- _Task details_
Take the records below and extract, word for word, the lines from the one containing "MAKITA - Visseuse" through the final line, inclusive. Omit pictures.

Brief descriptive captions:

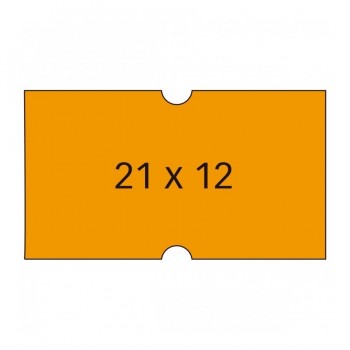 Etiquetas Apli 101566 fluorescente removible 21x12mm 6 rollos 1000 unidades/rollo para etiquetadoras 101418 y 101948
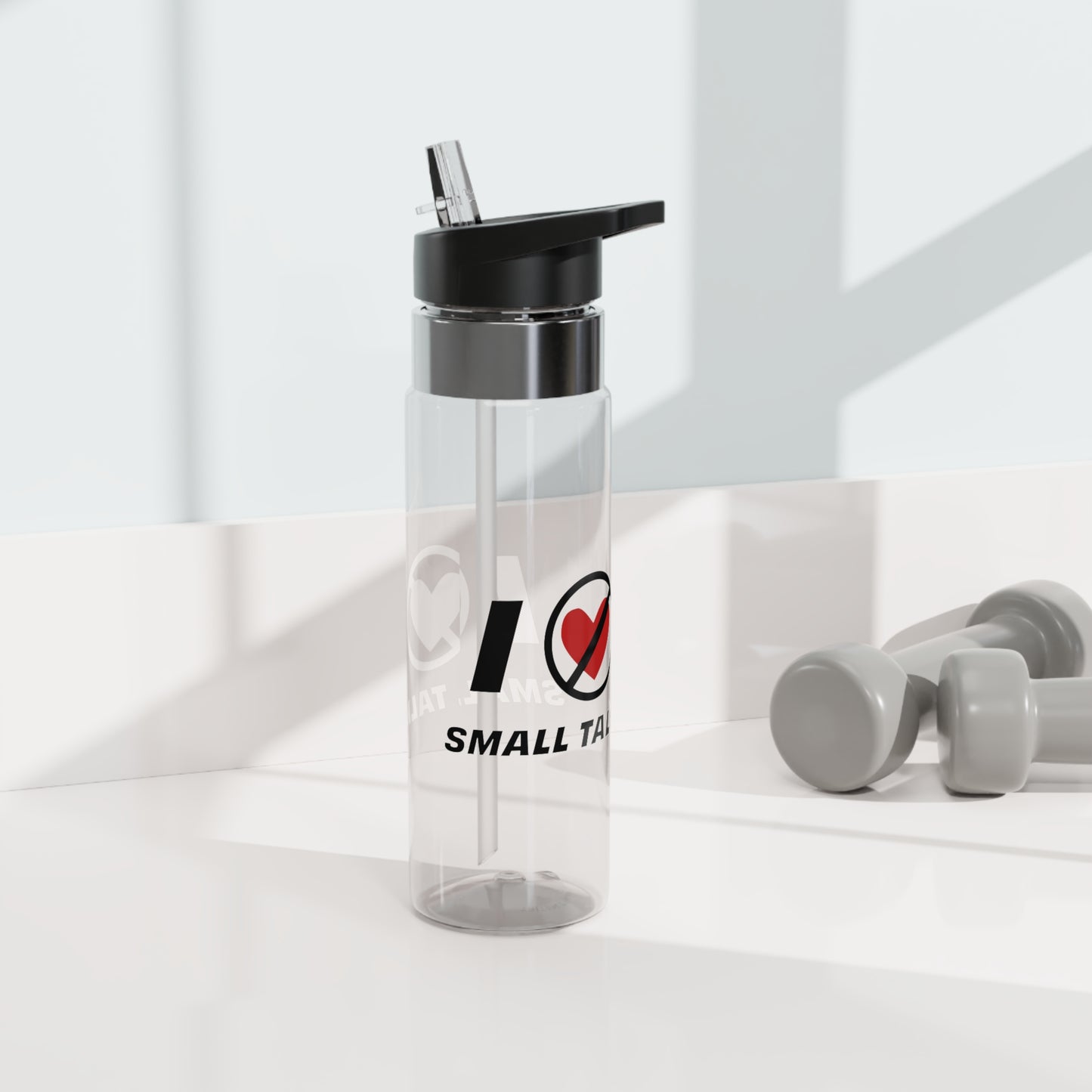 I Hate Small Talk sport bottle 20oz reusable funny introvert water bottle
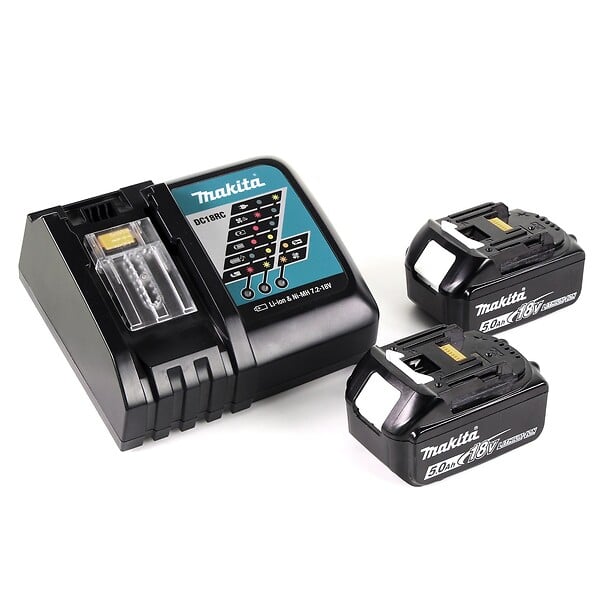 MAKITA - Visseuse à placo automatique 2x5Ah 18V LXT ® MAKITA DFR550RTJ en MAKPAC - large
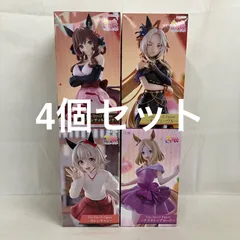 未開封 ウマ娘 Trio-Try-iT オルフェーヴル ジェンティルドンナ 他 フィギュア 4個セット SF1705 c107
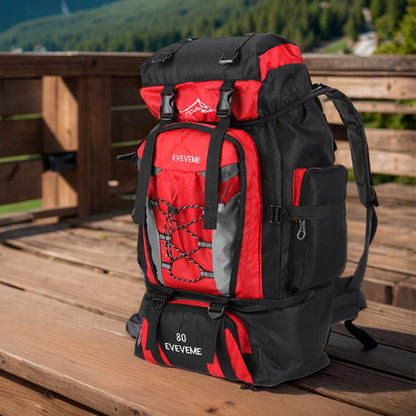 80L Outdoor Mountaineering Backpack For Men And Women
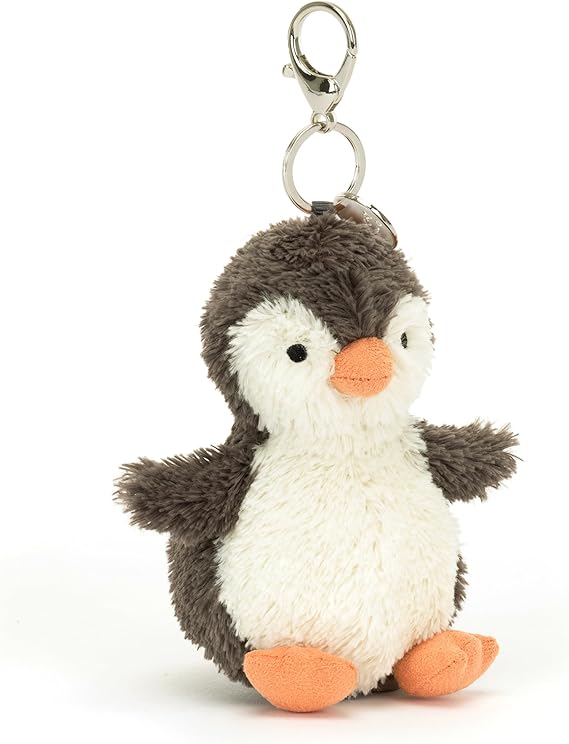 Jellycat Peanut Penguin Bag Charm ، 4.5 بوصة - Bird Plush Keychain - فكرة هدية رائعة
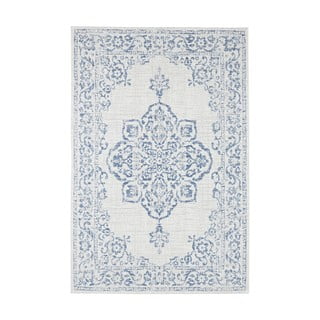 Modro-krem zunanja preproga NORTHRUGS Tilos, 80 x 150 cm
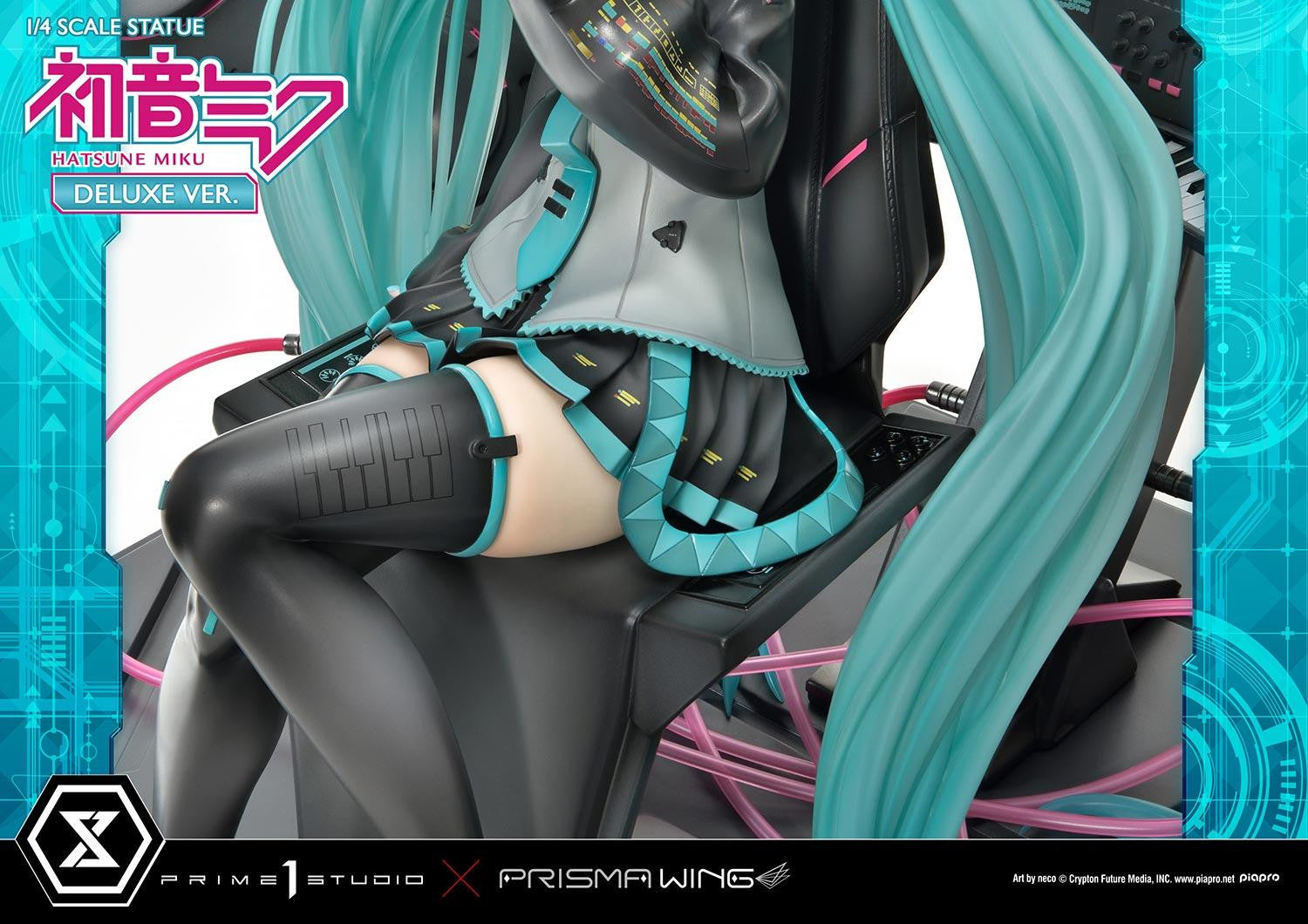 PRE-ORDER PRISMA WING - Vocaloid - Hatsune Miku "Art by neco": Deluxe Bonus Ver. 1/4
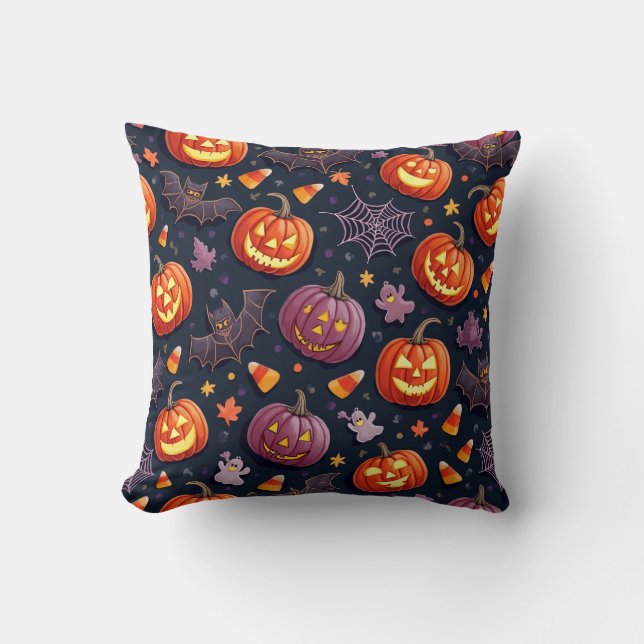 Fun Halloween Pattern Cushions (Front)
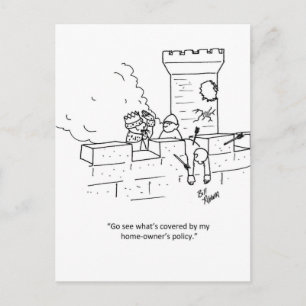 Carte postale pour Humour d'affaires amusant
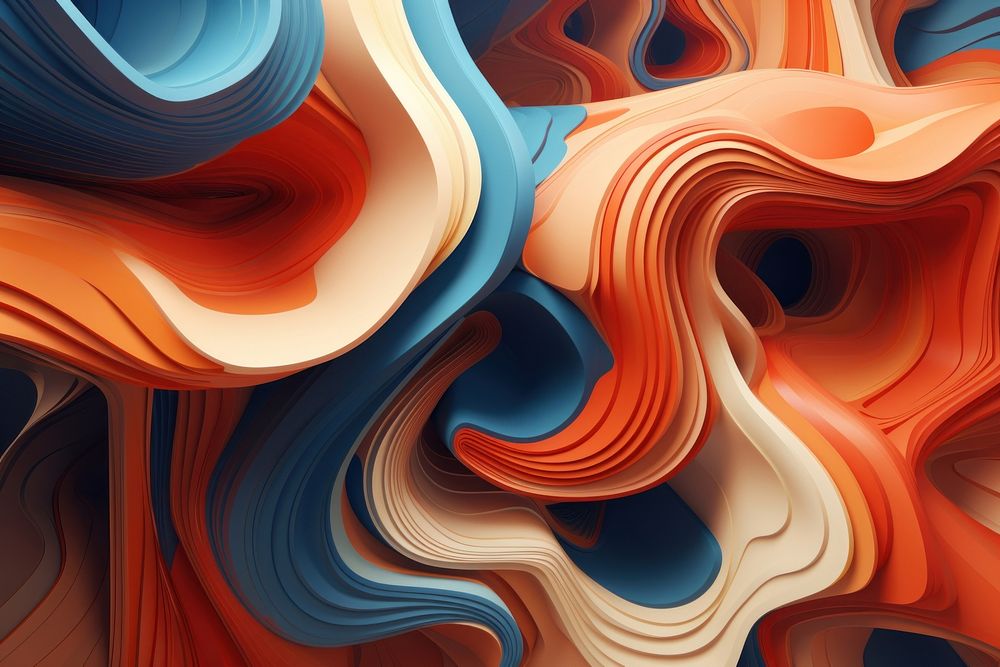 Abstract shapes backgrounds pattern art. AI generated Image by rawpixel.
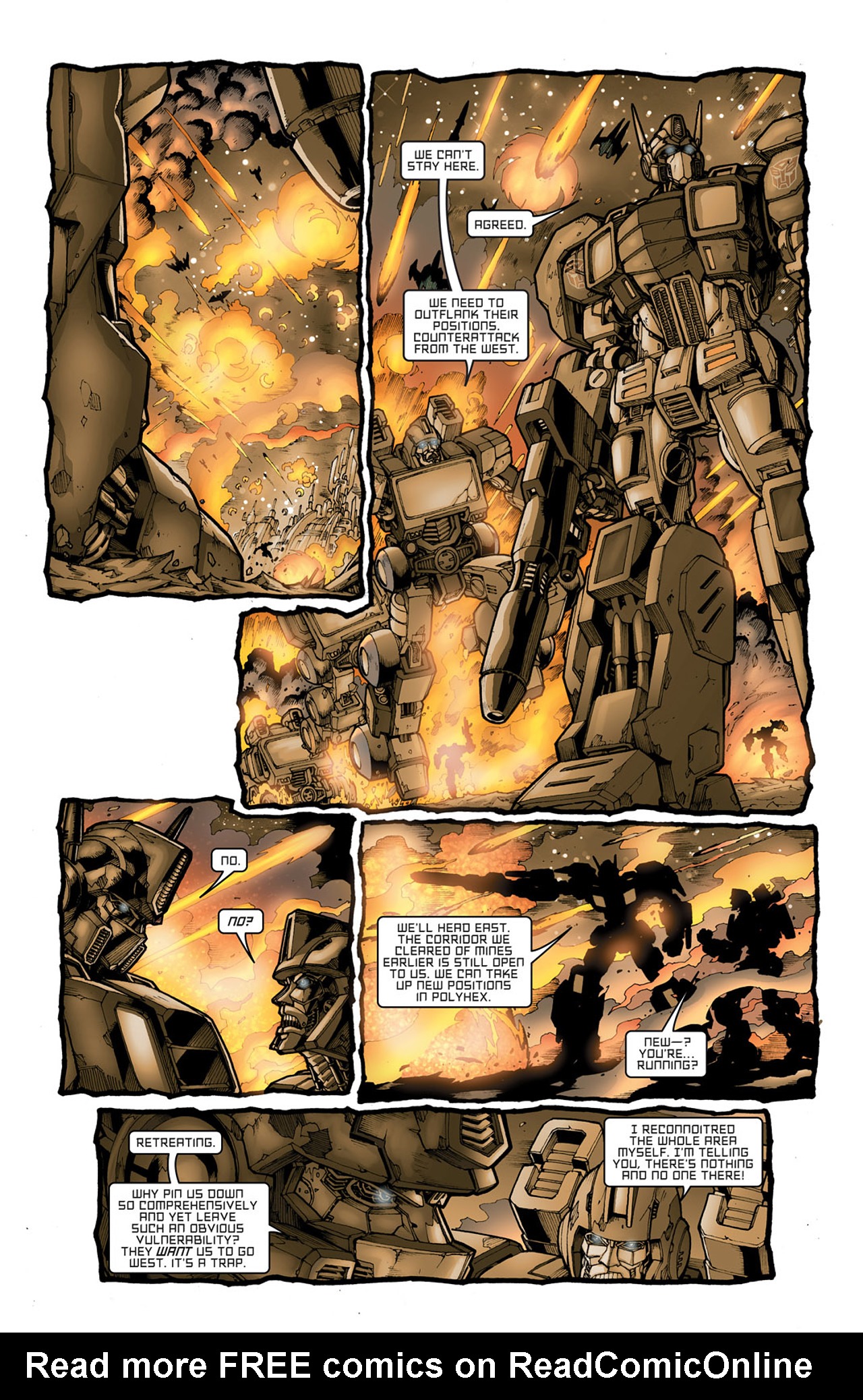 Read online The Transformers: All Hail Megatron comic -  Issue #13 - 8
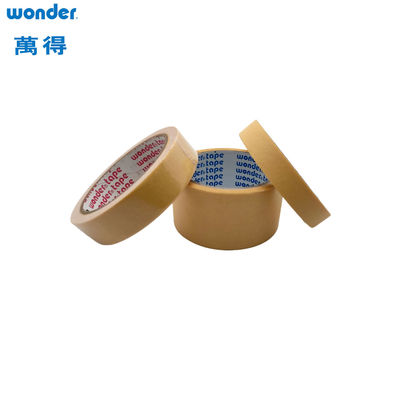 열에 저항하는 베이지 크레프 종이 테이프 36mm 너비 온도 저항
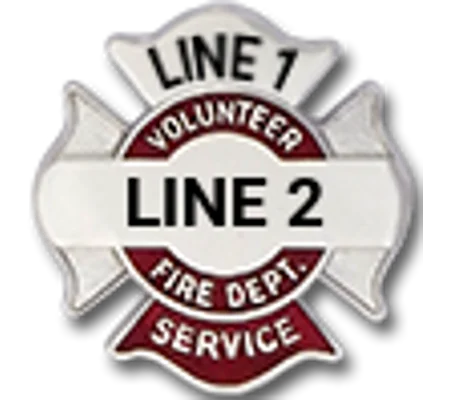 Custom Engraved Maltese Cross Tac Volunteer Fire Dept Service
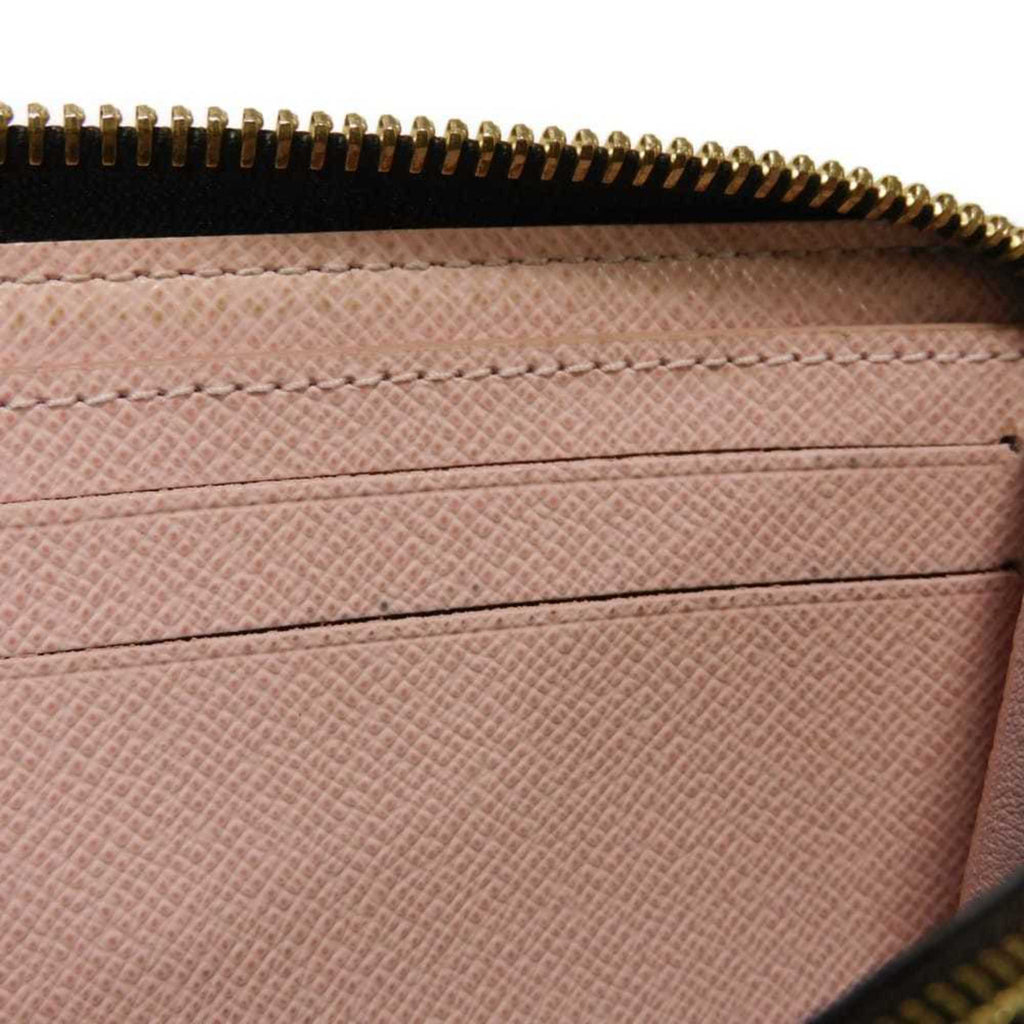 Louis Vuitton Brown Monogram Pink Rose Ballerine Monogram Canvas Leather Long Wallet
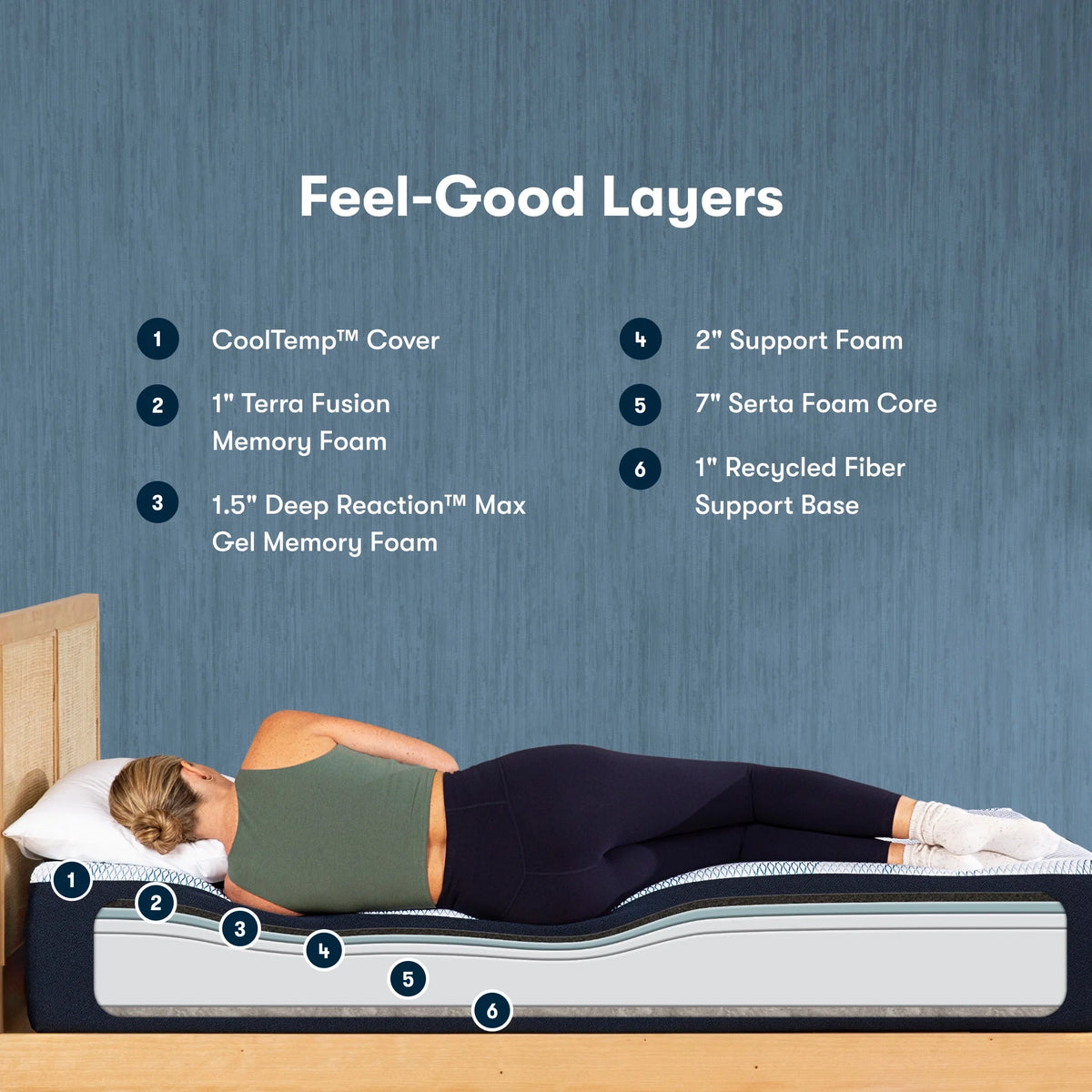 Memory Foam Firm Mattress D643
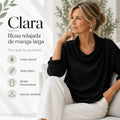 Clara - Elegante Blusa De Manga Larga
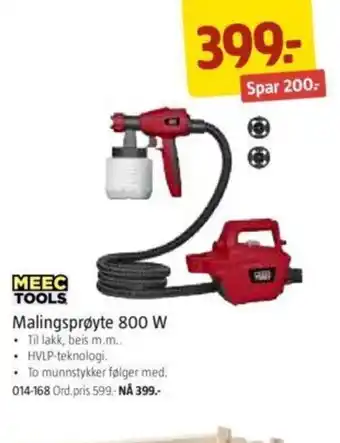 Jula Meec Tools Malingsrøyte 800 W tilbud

- _Response_
 MAKITA - Visseuse à placo automatique 2x5Ah 18V LXT ® MAKITA DFR550RTJ en MAKPAC - large
 未開封 ウマ娘 Trio-Try-iT オルフェーヴル ジェンティルドンナ 他 フィギュア 4個セット SF1705 c107
 80L Outdoor Mountaineering Backpack For Men And Women
 Jellycat Peanut Penguin Bag Charm ، 4.5 بوصة - Bird Plush Keychain - فكرة هدية رائعة
 Modro-krem zunanja preproga NORTHRUGS Tilos, 80 x 150 cm
 PRE-ORDER PRISMA WING - Vocaloid - Hatsune Miku "Art by neco": Deluxe Bonus Ver. 1/4
 Fun Halloween Pattern Cushions (Front)
 Carte postale pour Humour d'affaires amusant
 Abstract shapes backgrounds pattern art. AI generated Image by rawpixel.
 Read online The Transformers: All Hail Megatron comic -  Issue #13 - 8
 열에 저항하는 베이지 크레프 종이 테이프 36mm 너비 온도 저항
 Custom Engraved Maltese Cross Tac Volunteer Fire Dept Service
 Louis Vuitton Brown Monogram Pink Rose Ballerine Monogram Canvas Leather Long Wallet
 Memory Foam Firm Mattress D643
 Clara - Elegante Blusa De Manga Larga
 Jula Meec Tools Malingsrøyte 800 W tilbud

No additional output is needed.